Latinx in Gaming's programming has diversified considerably beyond its panel roots over the last year or so. Barbosa says that they have partnered with other organizations (such as Microsoft) for some activities, or hosted their own, and have run events such as a 24-hour stream of Latinx streamers, charity streams of games by South American developers, and volunteering with Texas-based non-profit Latinitas. But their bread-and-butter, as Barbosa puts it, is conventions, because they allow for a very public space where Latinx community members looking for industry opportunities can connect.
"It made sense for us for the first year and change to do more outreach," Tirado adds. "The launch of anything requires some time to get out there, make sure people know you're there, make sure people know you're serious, and doing this thing with PAX and Reed at PAX South is the natural progression of, 'Hey, we are serious, and people do want this resource and to hear about this kind of content.' And instead of one panel, we're doing a full weekend of programs for all sorts of different people."
At PAX South, Latinx in Gaming will have a dedicated space for the weekend. None of it is set in stone just yet, but Amaya says that the team has its own ideas and is also looking for submissions from its community.
"As long as they take a positive memory from the experience and are able to connect with somebody, that's the goal"Judy Barbosa
Barbosa adds that those ideas include things like morning cafecito, roundtables, workshops, keynote speakers, networking opportunities, tournaments, and games. "We're really thinking across the board in trying to involve as many people, exposing them to the Latinx experience as varied and unique and cultural and exciting as it is, as well as drilling down and making things useful for people trying to get into the industry and looking for someone to relate to."
Amaya, Barbosa, and Tirado are tempering their expectations for the weekend. While a large crowd of people attending their programming would be great, they say, each of them has a more personal and community-oriented idea of what success for Latinx in Gaming at PAX South might look like. For Amaya, it's simply making sure people feel included. Barbosa goes a bit further:
"Personal connections are super meaningful," she says. "If someone has a distinct memory they can take away, whether it's as simple as, 'I remember that song from my childhood' or 'Wow, that coffee was really good' or 'I really learned something.' Or maybe someone took a gander at your resume and you were able to edit it to make it more cohesive. As long as they take a positive memory from the experience and are able to connect with somebody, that's the goal."
For Tirado, the event is already a success for Latinx in Gaming simply by virtue of its existence, and he hopes that everyone who is interested will attend, regardless of how strong their connection to the Latinx community might be.

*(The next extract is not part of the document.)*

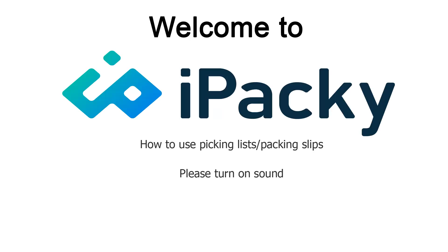Welcome to iPacky. In this video we will demonstrate how to use Picking Lists and Packing Slips in iPacky.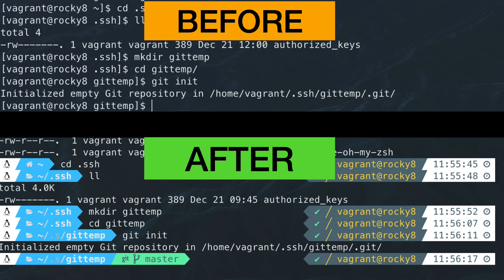Hi friends, today we'll go through the installation steps of OhMyZsh on two Linux distros, Ubuntu and Rocky Linux.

"Everyone is welcome to participate in this thing and their connection to the Latinx community doesn't have to be a secret for them anymore. A lot of people, myself included, have felt that in the past they couldn't stand proudly with that part of their heritage, or maybe it wasn't a big part of their life before. One of the biggest things for us is letting people know they can have this as part of their identity and it's okay, and there are places for you to learn more about that and go out into the world and spread that message."
GamesIndustry.biz parent Gamer Network is owned by Reed Pop, which organises PAX South.